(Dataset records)
------
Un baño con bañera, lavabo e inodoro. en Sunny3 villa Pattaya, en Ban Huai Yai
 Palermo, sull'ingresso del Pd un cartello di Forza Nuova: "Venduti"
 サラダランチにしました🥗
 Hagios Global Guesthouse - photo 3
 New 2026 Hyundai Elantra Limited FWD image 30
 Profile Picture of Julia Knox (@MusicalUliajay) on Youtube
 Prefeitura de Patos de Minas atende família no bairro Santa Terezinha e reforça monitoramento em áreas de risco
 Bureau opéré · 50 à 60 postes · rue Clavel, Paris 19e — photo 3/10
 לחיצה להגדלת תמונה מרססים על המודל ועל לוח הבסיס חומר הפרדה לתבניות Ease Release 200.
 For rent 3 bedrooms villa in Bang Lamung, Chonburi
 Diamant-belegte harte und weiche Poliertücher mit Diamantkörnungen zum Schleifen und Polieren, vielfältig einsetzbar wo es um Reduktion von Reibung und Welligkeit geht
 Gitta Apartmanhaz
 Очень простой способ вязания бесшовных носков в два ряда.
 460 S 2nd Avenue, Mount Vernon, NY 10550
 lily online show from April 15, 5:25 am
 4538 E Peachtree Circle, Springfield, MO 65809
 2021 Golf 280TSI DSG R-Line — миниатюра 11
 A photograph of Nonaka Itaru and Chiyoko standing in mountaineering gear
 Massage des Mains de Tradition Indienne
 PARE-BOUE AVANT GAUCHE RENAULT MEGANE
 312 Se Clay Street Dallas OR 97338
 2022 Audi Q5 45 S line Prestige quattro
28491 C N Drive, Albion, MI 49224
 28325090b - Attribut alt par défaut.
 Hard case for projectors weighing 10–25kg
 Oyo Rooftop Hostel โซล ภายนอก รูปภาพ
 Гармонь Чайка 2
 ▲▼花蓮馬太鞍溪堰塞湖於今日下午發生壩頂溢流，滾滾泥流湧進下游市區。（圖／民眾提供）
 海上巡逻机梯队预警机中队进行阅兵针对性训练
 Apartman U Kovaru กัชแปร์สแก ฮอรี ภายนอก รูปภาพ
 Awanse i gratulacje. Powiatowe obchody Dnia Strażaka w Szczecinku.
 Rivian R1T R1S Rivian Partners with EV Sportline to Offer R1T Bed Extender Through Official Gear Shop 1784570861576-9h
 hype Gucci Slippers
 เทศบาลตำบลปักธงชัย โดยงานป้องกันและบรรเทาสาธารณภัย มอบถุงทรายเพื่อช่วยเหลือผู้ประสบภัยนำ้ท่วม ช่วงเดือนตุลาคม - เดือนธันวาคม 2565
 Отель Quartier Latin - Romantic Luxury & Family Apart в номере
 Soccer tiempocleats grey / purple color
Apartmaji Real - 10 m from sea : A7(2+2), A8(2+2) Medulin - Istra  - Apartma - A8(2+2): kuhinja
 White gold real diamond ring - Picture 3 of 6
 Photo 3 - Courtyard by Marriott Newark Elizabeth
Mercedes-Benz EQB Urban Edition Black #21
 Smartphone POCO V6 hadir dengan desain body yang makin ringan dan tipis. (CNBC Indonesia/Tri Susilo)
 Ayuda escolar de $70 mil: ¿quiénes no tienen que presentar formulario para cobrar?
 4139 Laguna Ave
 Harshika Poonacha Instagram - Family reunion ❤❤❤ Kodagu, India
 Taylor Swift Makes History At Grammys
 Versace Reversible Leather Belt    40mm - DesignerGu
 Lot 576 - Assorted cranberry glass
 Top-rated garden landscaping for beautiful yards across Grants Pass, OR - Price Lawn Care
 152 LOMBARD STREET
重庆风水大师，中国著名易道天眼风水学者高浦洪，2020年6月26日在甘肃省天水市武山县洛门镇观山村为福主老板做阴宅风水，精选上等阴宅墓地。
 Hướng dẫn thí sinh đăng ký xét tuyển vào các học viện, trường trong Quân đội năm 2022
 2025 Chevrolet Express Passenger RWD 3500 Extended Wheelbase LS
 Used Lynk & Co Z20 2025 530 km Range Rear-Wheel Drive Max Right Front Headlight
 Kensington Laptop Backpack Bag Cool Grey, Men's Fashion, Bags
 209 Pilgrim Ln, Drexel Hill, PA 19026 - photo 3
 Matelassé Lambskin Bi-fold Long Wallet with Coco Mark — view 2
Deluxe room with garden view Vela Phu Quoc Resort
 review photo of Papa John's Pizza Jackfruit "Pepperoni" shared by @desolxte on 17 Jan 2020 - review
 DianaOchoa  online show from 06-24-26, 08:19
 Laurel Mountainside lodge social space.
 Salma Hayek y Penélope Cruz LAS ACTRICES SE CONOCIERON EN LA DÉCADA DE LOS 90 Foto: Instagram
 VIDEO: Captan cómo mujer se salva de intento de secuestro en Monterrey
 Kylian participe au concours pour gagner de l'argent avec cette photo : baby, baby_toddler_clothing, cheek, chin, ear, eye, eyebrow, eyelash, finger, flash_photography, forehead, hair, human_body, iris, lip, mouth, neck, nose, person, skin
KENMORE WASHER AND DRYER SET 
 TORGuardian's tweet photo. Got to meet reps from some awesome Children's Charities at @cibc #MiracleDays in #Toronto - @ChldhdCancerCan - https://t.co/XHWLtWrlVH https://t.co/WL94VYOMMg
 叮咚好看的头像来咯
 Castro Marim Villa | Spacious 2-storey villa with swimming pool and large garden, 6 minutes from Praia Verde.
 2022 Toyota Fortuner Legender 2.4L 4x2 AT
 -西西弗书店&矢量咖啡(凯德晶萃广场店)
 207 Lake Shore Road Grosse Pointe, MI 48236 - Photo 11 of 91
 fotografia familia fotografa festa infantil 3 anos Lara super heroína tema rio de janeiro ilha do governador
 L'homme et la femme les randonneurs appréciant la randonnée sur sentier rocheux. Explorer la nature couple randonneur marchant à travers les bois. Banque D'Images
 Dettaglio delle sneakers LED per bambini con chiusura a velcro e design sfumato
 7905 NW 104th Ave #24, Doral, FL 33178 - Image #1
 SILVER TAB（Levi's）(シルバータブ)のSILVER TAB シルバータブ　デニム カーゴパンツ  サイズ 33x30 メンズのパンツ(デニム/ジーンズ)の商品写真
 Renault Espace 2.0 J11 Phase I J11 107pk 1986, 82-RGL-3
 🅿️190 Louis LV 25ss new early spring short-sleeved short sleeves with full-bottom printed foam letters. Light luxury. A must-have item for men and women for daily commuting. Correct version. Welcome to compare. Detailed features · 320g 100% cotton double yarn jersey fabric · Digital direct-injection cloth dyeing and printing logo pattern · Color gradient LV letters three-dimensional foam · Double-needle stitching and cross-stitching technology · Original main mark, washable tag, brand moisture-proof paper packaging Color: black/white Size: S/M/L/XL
------
> Task item:
Word for word, write out all the lines shown above.

> Solution for this problem:
Un baño con bañera, lavabo e inodoro. en Sunny3 villa Pattaya, en Ban Huai Yai
 Palermo, sull'ingresso del Pd un cartello di Forza Nuova: "Venduti"
 サラダランチにしました🥗
 Hagios Global Guesthouse - photo 3
 New 2026 Hyundai Elantra Limited FWD image 30
 Profile Picture of Julia Knox (@MusicalUliajay) on Youtube
 Prefeitura de Patos de Minas atende família no bairro Santa Terezinha e reforça monitoramento em áreas de risco
 Bureau opéré · 50 à 60 postes · rue Clavel, Paris 19e — photo 3/10
 לחיצה להגדלת תמונה מרססים על המודל ועל לוח הבסיס חומר הפרדה לתבניות Ease Release 200.
 For rent 3 bedrooms villa in Bang Lamung, Chonburi
 Diamant-belegte harte und weiche Poliertücher mit Diamantkörnungen zum Schleifen und Polieren, vielfältig einsetzbar wo es um Reduktion von Reibung und Welligkeit geht
 Gitta Apartmanhaz
 Очень простой способ вязания бесшовных носков в два ряда.
 460 S 2nd Avenue, Mount Vernon, NY 10550
 lily online show from April 15, 5:25 am
 4538 E Peachtree Circle, Springfield, MO 65809
 2021 Golf 280TSI DSG R-Line — миниатюра 11
 A photograph of Nonaka Itaru and Chiyoko standing in mountaineering gear
 Massage des Mains de Tradition Indienne
 PARE-BOUE AVANT GAUCHE RENAULT MEGANE
 312 Se Clay Street Dallas OR 97338
 2022 Audi Q5 45 S line Prestige quattro
28491 C N Drive, Albion, MI 49224
 28325090b - Attribut alt par défaut.
 Hard case for projectors weighing 10–25kg
 Oyo Rooftop Hostel โซล ภายนอก รูปภาพ
 Гармонь Чайка 2
 ▲▼花蓮馬太鞍溪堰塞湖於今日下午發生壩頂溢流，滾滾泥流湧進下游市區。（圖／民眾提供）
 海上巡逻机梯队预警机中队进行阅兵针对性训练
 Apartman U Kovaru กัชแปร์สแก ฮอรี ภายนอก รูปภาพ
 Awanse i gratulacje. Powiatowe obchody Dnia Strażaka w Szczecinku.
 Rivian R1T R1S Rivian Partners with EV Sportline to Offer R1T Bed Extender Through Official Gear Shop 1784570861576-9h
 hype Gucci Slippers
 เทศบาลตำบลปักธงชัย โดยงานป้องกันและบรรเทาสาธารณภัย มอบถุงทรายเพื่อช่วยเหลือผู้ประสบภัยนำ้ท่วม ช่วงเดือนตุลาคม - เดือนธันวาคม 2565
 Отель Quartier Latin - Romantic Luxury & Family Apart в номере
 Soccer tiempocleats grey / purple color
Apartmaji Real - 10 m from sea : A7(2+2), A8(2+2) Medulin - Istra  - Apartma - A8(2+2): kuhinja
 White gold real diamond ring - Picture 3 of 6
 Photo 3 - Courtyard by Marriott Newark Elizabeth
Mercedes-Benz EQB Urban Edition Black #21
 Smartphone POCO V6 hadir dengan desain body yang makin ringan dan tipis. (CNBC Indonesia/Tri Susilo)
 Ayuda escolar de $70 mil: ¿quiénes no tienen que presentar formulario para cobrar?
 4139 Laguna Ave
 Harshika Poonacha Instagram - Family reunion ❤❤❤ Kodagu, India
 Taylor Swift Makes History At Grammys
 Versace Reversible Leather Belt    40mm - DesignerGu
 Lot 576 - Assorted cranberry glass
 Top-rated garden landscaping for beautiful yards across Grants Pass, OR - Price Lawn Care
 152 LOMBARD STREET
重庆风水大师，中国著名易道天眼风水学者高浦洪，2020年6月26日在甘肃省天水市武山县洛门镇观山村为福主老板做阴宅风水，精选上等阴宅墓地。
 Hướng dẫn thí sinh đăng ký xét tuyển vào các học viện, trường trong Quân đội năm 2022
 2025 Chevrolet Express Passenger RWD 3500 Extended Wheelbase LS
 Used Lynk & Co Z20 2025 530 km Range Rear-Wheel Drive Max Right Front Headlight
 Kensington Laptop Backpack Bag Cool Grey, Men's Fashion, Bags
 209 Pilgrim Ln, Drexel Hill, PA 19026 - photo 3
 Matelassé Lambskin Bi-fold Long Wallet with Coco Mark — view 2
Deluxe room with garden view Vela Phu Quoc Resort
 review photo of Papa John's Pizza Jackfruit "Pepperoni" shared by @desolxte on 17 Jan 2020 - review
 DianaOchoa  online show from 06-24-26, 08:19
 Laurel Mountainside lodge social space.
 Salma Hayek y Penélope Cruz LAS ACTRICES SE CONOCIERON EN LA DÉCADA DE LOS 90 Foto: Instagram
 VIDEO: Captan cómo mujer se salva de intento de secuestro en Monterrey
 Kylian participe au concours pour gagner de l'argent avec cette photo : baby, baby_toddler_clothing, cheek, chin, ear, eye, eyebrow, eyelash, finger, flash_photography, forehead, hair, human_body, iris, lip, mouth, neck, nose, person, skin
KENMORE WASHER AND DRYER SET 
 TORGuardian's tweet photo. Got to meet reps from some awesome Children's Charities at @cibc #MiracleDays in #Toronto - @ChldhdCancerCan - https://t.co/XHWLtWrlVH https://t.co/WL94VYOMMg
 叮咚好看的头像来咯
 Castro Marim Villa | Spacious 2-storey villa with swimming pool and large garden, 6 minutes from Praia Verde.
 2022 Toyota Fortuner Legender 2.4L 4x2 AT
 -西西弗书店&矢量咖啡(凯德晶萃广场店)
 207 Lake Shore Road Grosse Pointe, MI 48236 - Photo 11 of 91
 fotografia familia fotografa festa infantil 3 anos Lara super heroína tema rio de janeiro ilha do governador
 L'homme et la femme les randonneurs appréciant la randonnée sur sentier rocheux. Explorer la nature couple randonneur marchant à travers les bois. Banque D'Images
 Dettaglio delle sneakers LED per bambini con chiusura a velcro e design sfumato
 7905 NW 104th Ave #24, Doral, FL 33178 - Image #1
 SILVER TAB（Levi's）(シルバータブ)のSILVER TAB シルバータブ　デニム カーゴパンツ  サイズ 33x30 メンズのパンツ(デニム/ジーンズ)の商品写真
 Renault Espace 2.0 J11 Phase I J11 107pk 1986, 82-RGL-3
 🅿️190 Louis LV 25ss new early spring short-sleeved short sleeves with full-bottom printed foam letters. Light luxury. A must-have item for men and women for daily commuting. Correct version. Welcome to compare. Detailed features · 320g 100% cotton double yarn jersey fabric · Digital direct-injection cloth dyeing and printing logo pattern · Color gradient LV letters three-dimensional foam · Double-needle stitching and cross-stitching technology · Original main mark, washable tag, brand moisture-proof paper packaging Color: black/white Size: S/M/L/XL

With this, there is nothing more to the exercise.